There’s a statue of St. Francis of Assisi outside Ascension Church, where Kathy Garrigan was memorialized Friday. The caption underneath reads, “Preach the gospel, and when necessary, use words.”

The Rev. Larry McNally may have been thinking of that quote when he praised Kathy Garrigan’s life before an overflow crowd inside the church. It was an apt description of Garrigan’s attitude in her too-brief life. Garrigan, McNally said, gave more than lip service to the principles of her faith and lived out those principles, which urged her to be of service to others.

Friday morning upwards of 1,000 people crowded into every available space at Ascension to honor Garrigan. For a full hour, people stood patiently in a double line that extended out the church doors and down to the corner of East Avenue and west on Van Buren Street. Each took a rose from baskets, signed one of two memorial books in the foyer, then continued on inside.

For that entire hour Tom and Marian Garrigan greeted mourners, one after another, with hugs, kisses, smiles and brief comments. At times it was they who looked to be comforting others in their grief.

Through it all the church was not so much a place of worship as a huge, yet intimate and solemn, community hall.

Looking out over the assemblage, McNally noted that it was the largest gathering he’d witnessed in his 3½ years at the church.

“This is an Easter [sized] crowd,” he told the mourners. “And this is Kathy’s Easter, her spiritual resurrection.”

“Your presence,” he added, “speaks volumes about who Kathy was as a person.”

Life, McNally said, was God’s gift to people. What people did with their life, he said, was their gift back to God. Again looking over the crowd, he said, “Look what she gave back.”

McNally elicited a welcome bit of laughter when he noted that he knew Kathy not just as an Ascension parishioner, but as a “frequent patron of Molly Malone’s” in Forest Park, where Garrigan worked as a server for three summers.

“Thank God I’m a firm believer in the 20 percent tip,” he said, noting that Garrigan wouldn’t have let him hear the end of it if he wasn’t.

Garrigan’s relative Bill Klaus quoted from Ecclesiastes 3: 1-12, “There is a time for every matter under heaven.” But it was clear looking at the faces of many in the church that they were struggling to understand how it could have been Kathy’s time to leave, struggling to accept that it could be so.

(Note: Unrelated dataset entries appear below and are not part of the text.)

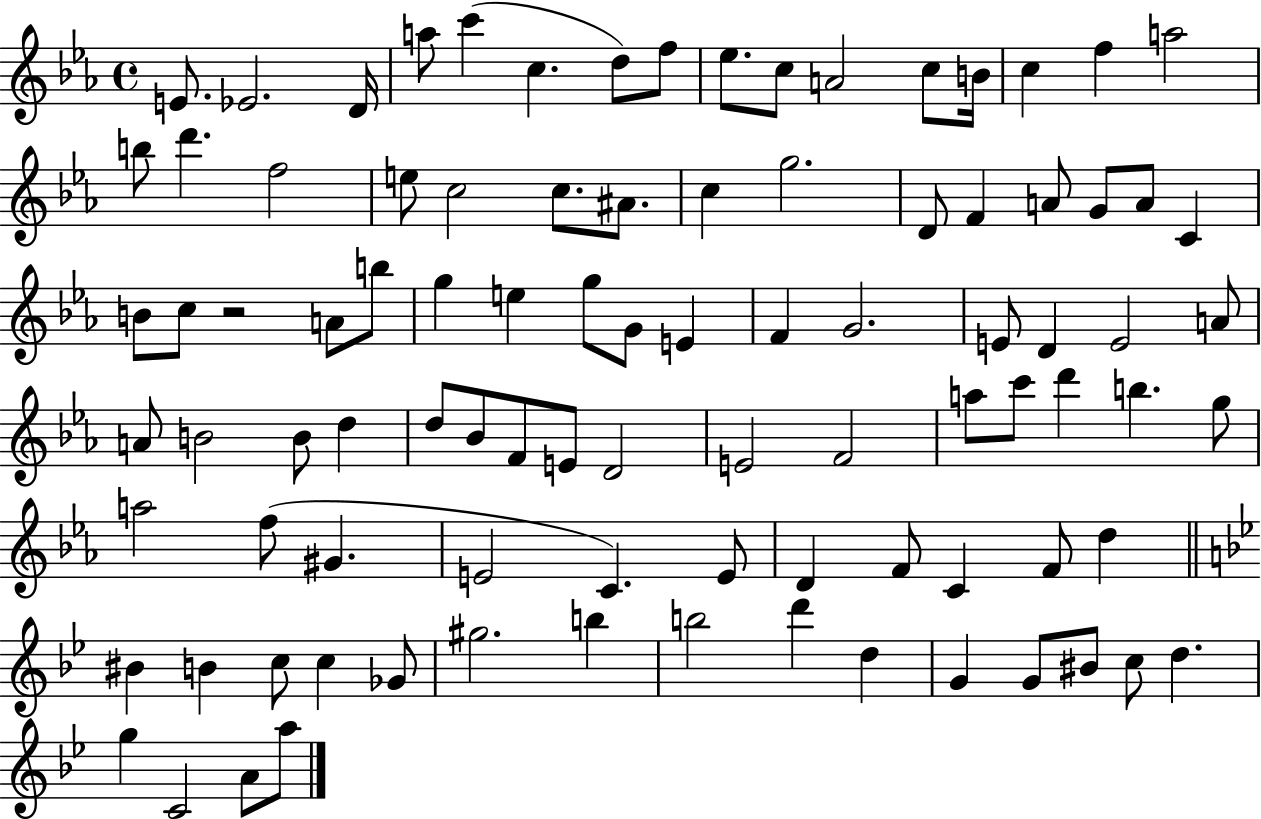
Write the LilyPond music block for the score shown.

{
  \clef treble
  \time 4/4
  \defaultTimeSignature
  \key ees \major
  e'8. ees'2. d'16 | a''8 c'''4( c''4. d''8) f''8 | ees''8. c''8 a'2 c''8 b'16 | c''4 f''4 a''2 | \break b''8 d'''4. f''2 | e''8 c''2 c''8. ais'8. | c''4 g''2. | d'8 f'4 a'8 g'8 a'8 c'4 | \break b'8 c''8 r2 a'8 b''8 | g''4 e''4 g''8 g'8 e'4 | f'4 g'2. | e'8 d'4 e'2 a'8 | \break a'8 b'2 b'8 d''4 | d''8 bes'8 f'8 e'8 d'2 | e'2 f'2 | a''8 c'''8 d'''4 b''4. g''8 | \break a''2 f''8( gis'4. | e'2 c'4.) e'8 | d'4 f'8 c'4 f'8 d''4 | \bar "||" \break \key bes \major bis'4 b'4 c''8 c''4 ges'8 | gis''2. b''4 | b''2 d'''4 d''4 | g'4 g'8 bis'8 c''8 d''4. | \break g''4 c'2 a'8 a''8 | \bar "|."
}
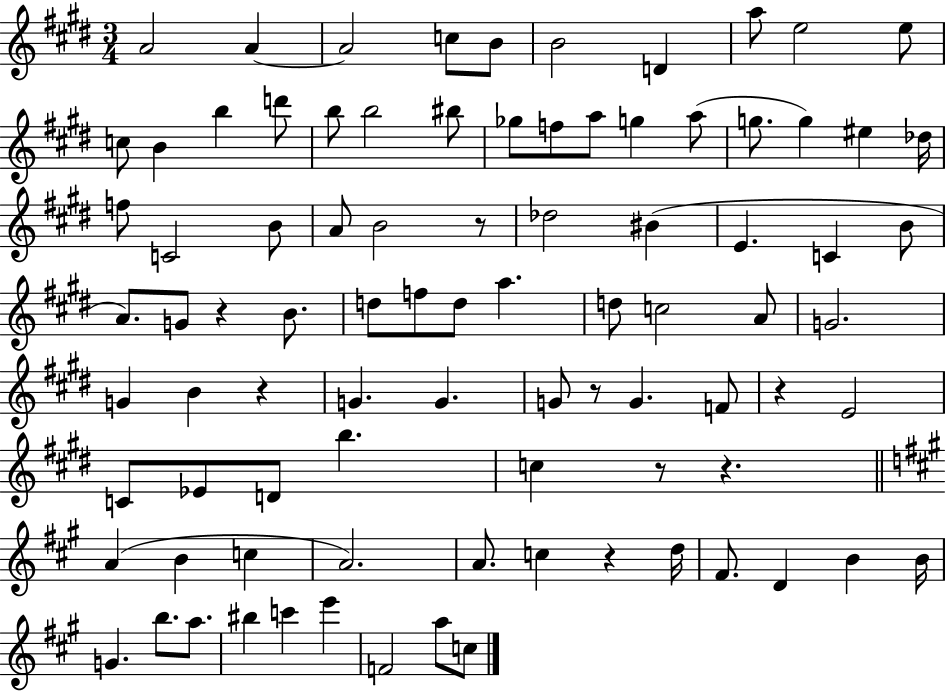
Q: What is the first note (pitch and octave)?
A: A4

McNally addressed that struggle when he related the parable of the villager who had the same answer every time something happened to him, be it good or bad.

Asked to explain why it happened, the man would reply, “Only God knows.”

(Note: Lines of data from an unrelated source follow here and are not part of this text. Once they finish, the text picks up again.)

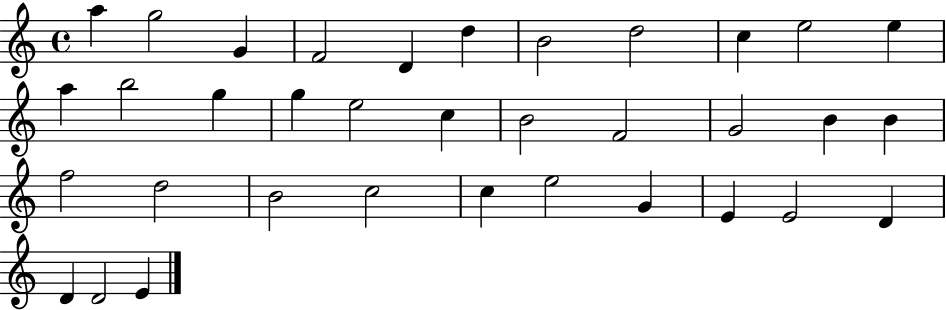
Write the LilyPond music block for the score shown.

{
  \clef treble
  \time 4/4
  \defaultTimeSignature
  \key c \major
  a''4 g''2 g'4 | f'2 d'4 d''4 | b'2 d''2 | c''4 e''2 e''4 | \break a''4 b''2 g''4 | g''4 e''2 c''4 | b'2 f'2 | g'2 b'4 b'4 | \break f''2 d''2 | b'2 c''2 | c''4 e''2 g'4 | e'4 e'2 d'4 | \break d'4 d'2 e'4 | \bar "|."
}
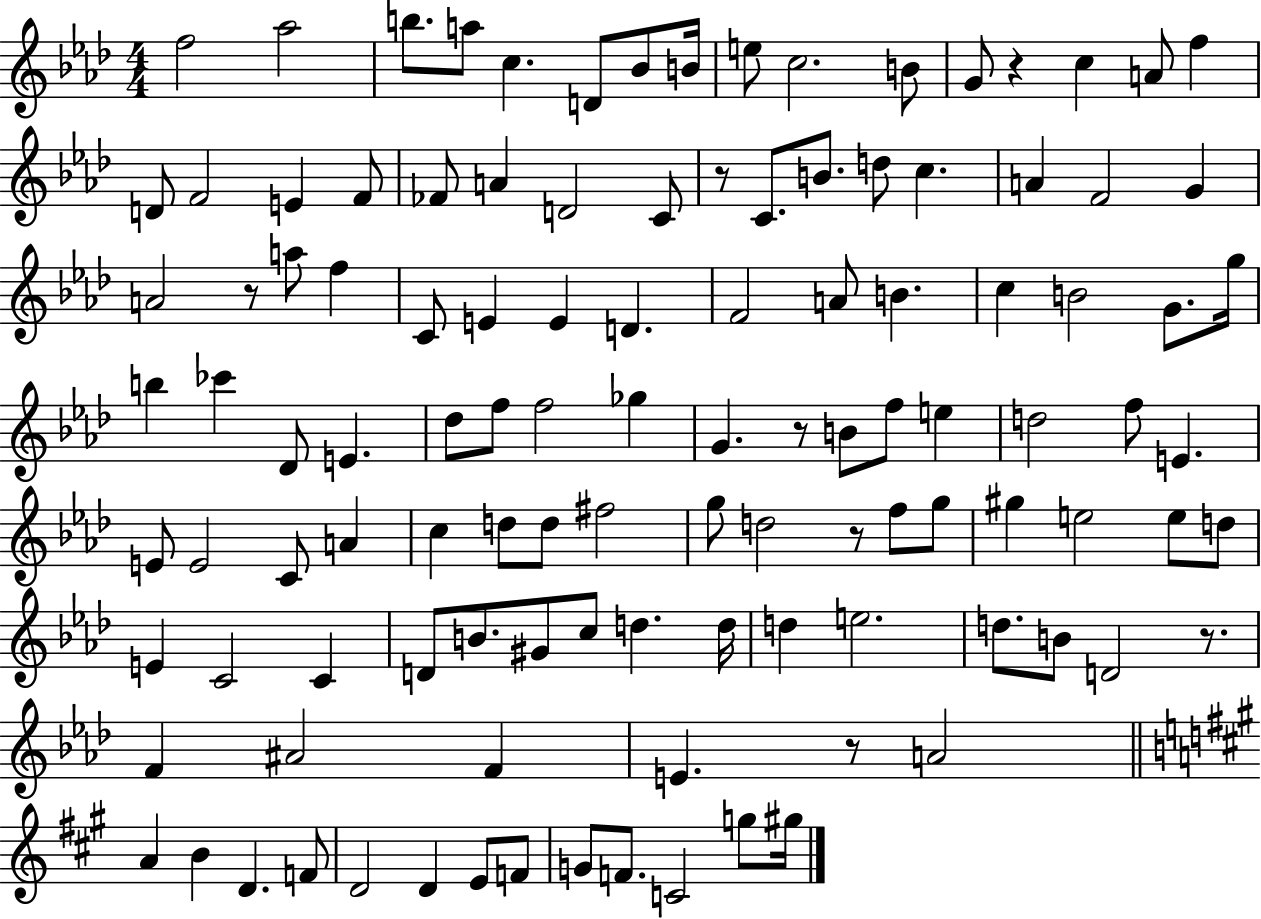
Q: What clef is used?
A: treble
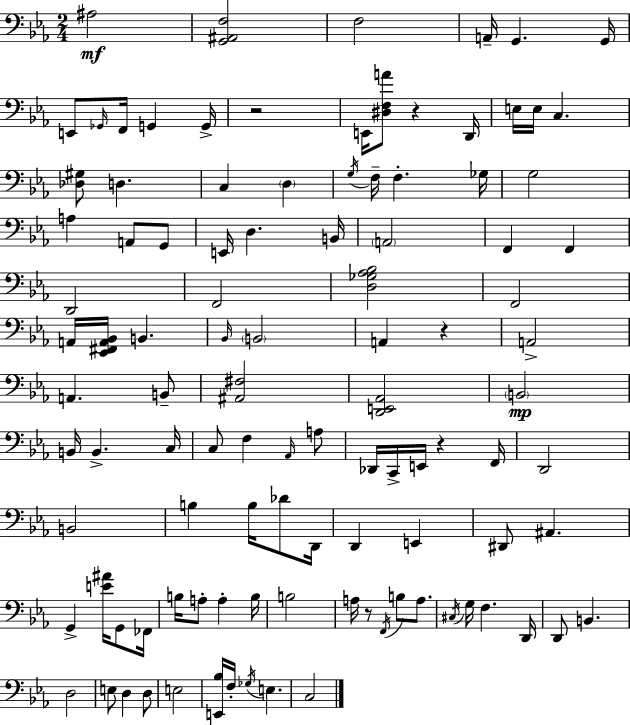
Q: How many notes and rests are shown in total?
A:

There is no explanation of why Kathy Garrigan left her loved ones so soon, McNally suggested. “Only God knows.”

“What is going to get us through this tragedy is the three gifts,” he said. “The gifts of faith, of hope and of love.”

And perhaps gratitude. One by one Kathy Garrigan’s young relatives came up and asked for blessings on those who had assisted the family in their time of need. Gene and Sandra Ralston, whose sonar found Kathy, the Seth Foundation, who also provided sonar services. The Tanana Chiefs Conference in Alaska. All the many people who volunteered in the search. The hundreds of people who donated money to help pay for the search. And for Kathy’s AmeriCorps friends Travis Alexander and Lisa Lomando.

Their was gratitude as well for another gift that arrived Thursday night, when Kathy Garrigan’s nephew, Thomas Garrigan McNeilly, was born.